-
Notifications
You must be signed in to change notification settings - Fork 3
Description
Note: this is an idea that I'm not very optimistic about, but I'm putting it here regardless for future reference.
Investigate how and if to introduce RDF term compression based on look-back references.
Something along these lines:
Triple(Iri1, Iri2, Literal1)
Triple(Iri3, Iri4, Iri5)
Triple(Iri6, Iri7, Back(-6)) # translates to Triple(Iri6, Iri7, Literal1)
This would be very useful for dealing with blank nodes and literals (see below). Unfortunately, the implementation would not be trivial.
Motivation
Blank nodes
Currently we are (in practice) taking the approach of simply taking the internal blank node identifiers of the RDF store and passing them through to the serialization without any further processing.
This works, and it has the advantage that the serializer doesn't have to worry at all about blank node semantics or identifiers. But, it also takes up a lot of space, because these identifiers are usually pretty long hashes (often also base16-encoded, making it even worse).
One alternative would be to use numerical IDs for blank nodes, but that would force the serializer to actively "think" about what the blank nodes mean, store them in some dedicated hashtable, etc.
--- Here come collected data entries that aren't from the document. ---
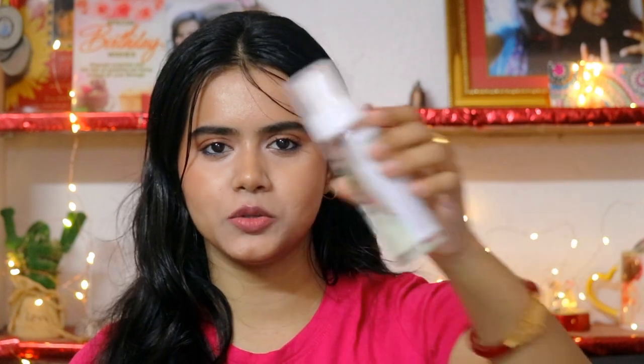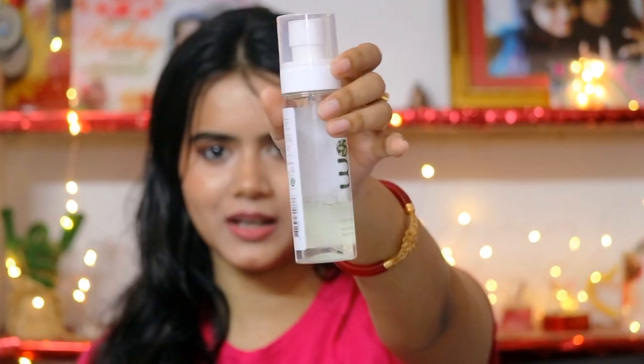And you can all see how much I have used it already. Now it's summer season, we need some refreshing toning mist or whatever — you can spray on your face and it gives you a refreshing feeling. I have used it for 2 months, so I will share my genuine review. This is not a sponsored video.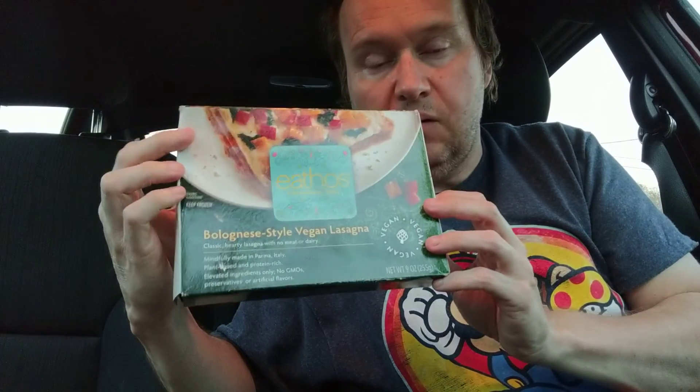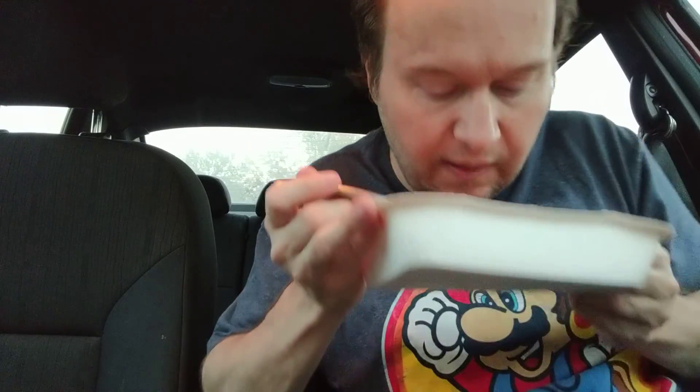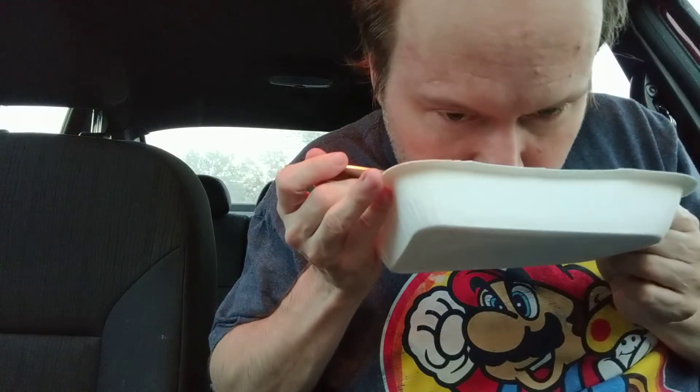This contains wheat gluten, coconut, and soybean. I went ahead and microwaved it — it says to microwave it for quite a while. I have a powerful microwave so I think it was like six to seven minutes, but I only microwaved it for about five and it's already really hot.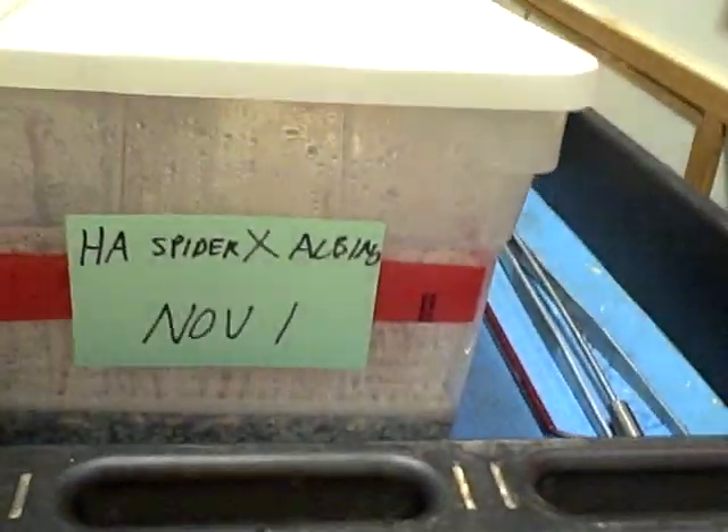Hi Henry, what are you doing? What excitement is going on over there? Hi everybody. We are going to check out a clutch of eggs that's just starting to pip. It's from an albino female bred to a head albino spider, so I'm hoping for some albino spiders.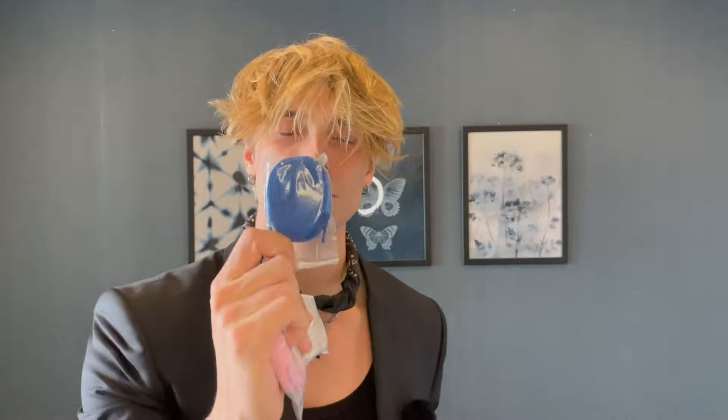With these you also get four pairs of laces: black, white, pink, and blue. Comment down below what laces you think I should rock — I'm thinking either black or pink. I haven't had pink laces on any of my shoes and I think it looks pretty sick. I also love how many laces they include.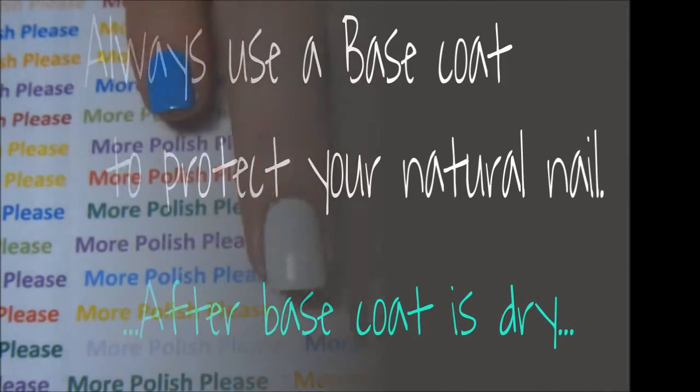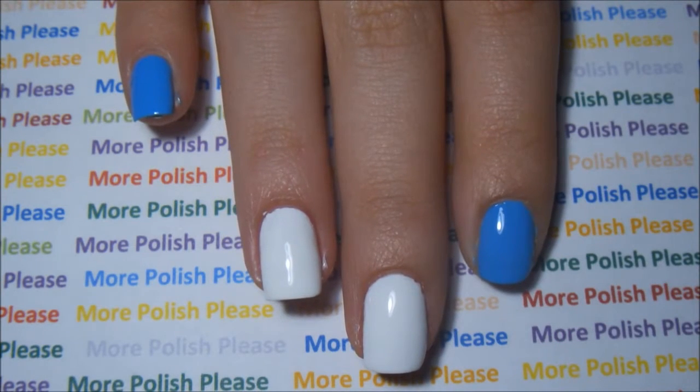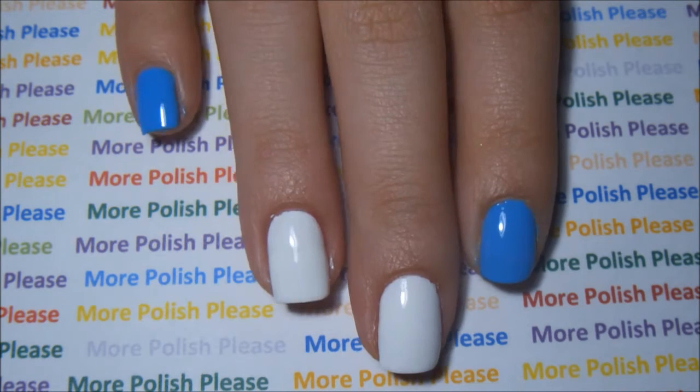After your base coat, paint your ring finger and your middle finger with your white polish and the rest of your nails with the color of your team.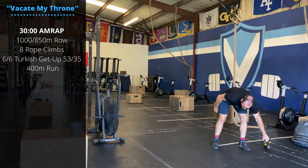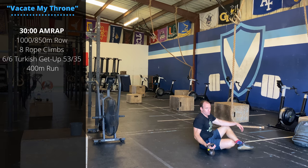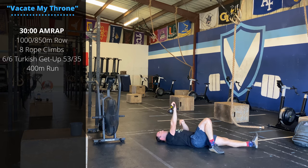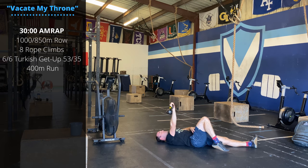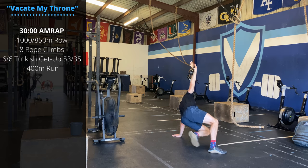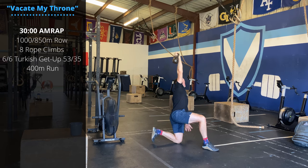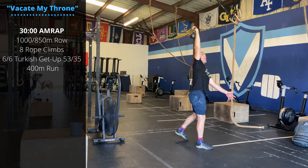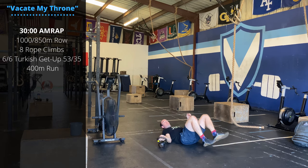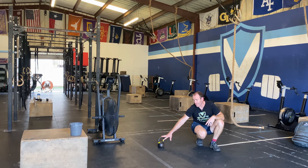Then Turkish get-ups, six on each side. These are gonna be a little bit of a grind — this is a lot of reps — working on shoulder stability through a long range of motion. Starting position: laying on the floor, kettlebell at extension. My right hand holds the kettlebell, my right knee is bent, right foot flat on the ground. Roll to my side and sit up, push my hips up, bring my leg back into a lunge as I look up through the kettlebell. Shift, then stand. And then reverse the motion — lunge, hand on the floor, shift to seated, lay down under control. Six on one side, six on the other. And then finally a 400 meter run to shake out those Turkish get-ups.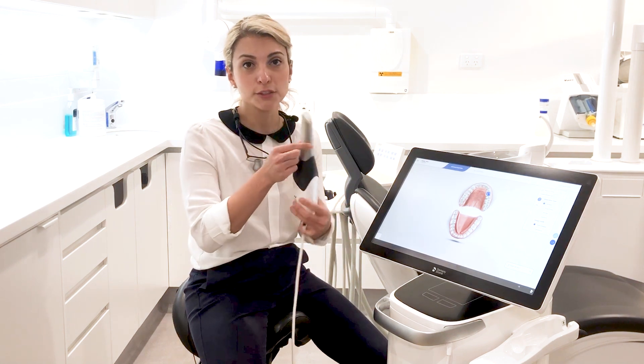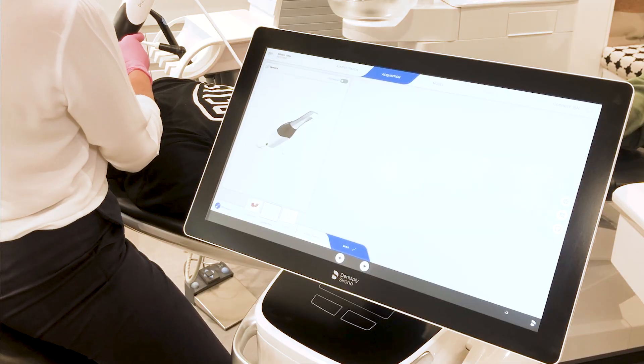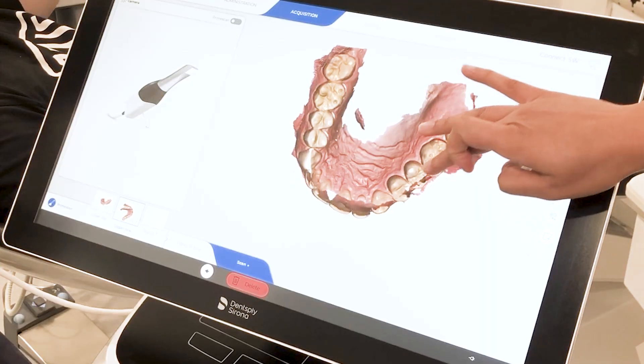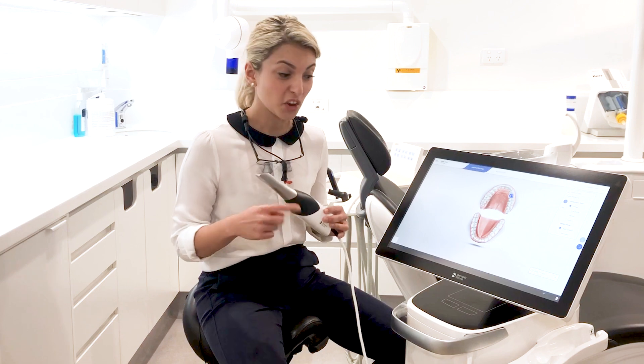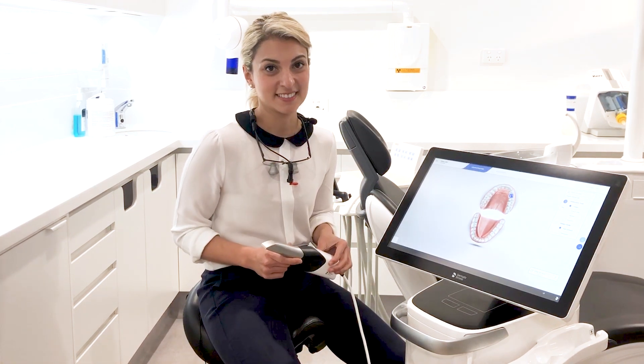So how is this scanner better? We can say goodbye to materials and it's much less invasive. So how does it work? I use this wand and I maneuver it around your mouth and I take a 3D video which gets turned into a 3D model of your teeth. Here are some fun facts: it's a smart pixel sensor and it takes 1 million 3D points per second, and then the computer processes 50,000 images per second. It's pretty cool.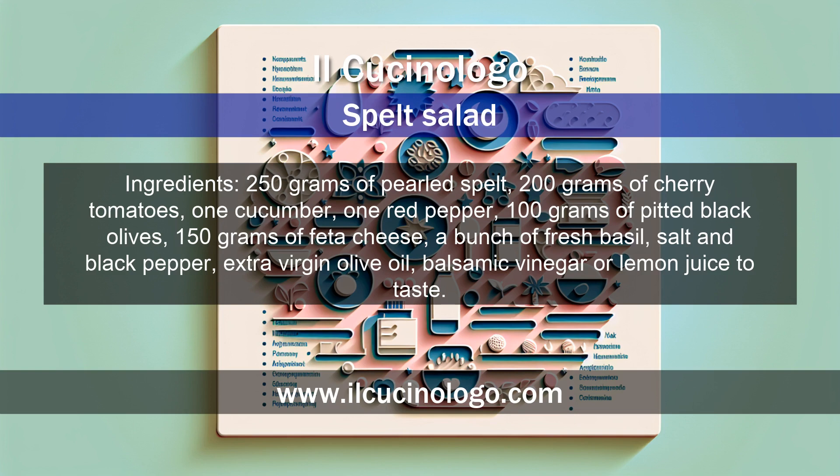Ingredients: 250 grams of pearled spelt, 200 grams of cherry tomatoes, 1 cucumber, 1 red pepper, 100 grams of pitted black olives, 150 grams of feta cheese, a bunch of fresh basil, salt and black pepper, extra virgin olive oil, and balsamic vinegar or lemon juice to taste.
Literals – there is currently no way to deal with repeating literals, unless they occur in consecutive triples, then we can use repeated term compression. Such literals can be repeated in e.g., dates, labels, frequent numerical values, etc.
Quoted triples – RDF 1.2 will completely change that... but anyway, in RDF-star the same applies to quoted triples. Only way to compress them is with repeated term compression.
Implementation
Of course, we'd have to decide how to encode these back-references in an efficient manner.
There would also have to be a limit on how deep could these references reach back into the stream, probably specified in the stream options. Still, it would add a new responsibility for the decoder, which would have to keep a rolling table of RDF terms. On the encoder side this should not be too hard, if the encoder already uses node caches (Jelly-JVM does). But it would require to also have a way to track when was the last time the term occurred, which is non-trivial.
Encoding IRIs in this way would not lead to large savings. It's entirely possible that this will actually make the compression efficiency worse, because IRIs are so well-compressed right now.
Finally, it would require deep changes in the proto, probably introducing new messages for RdfTriple and RdfQuad. But I guess we can live with that.
Summary
This would be really complicated. Seriously consider a better encoding scheme for blank nodes as an alternative solution.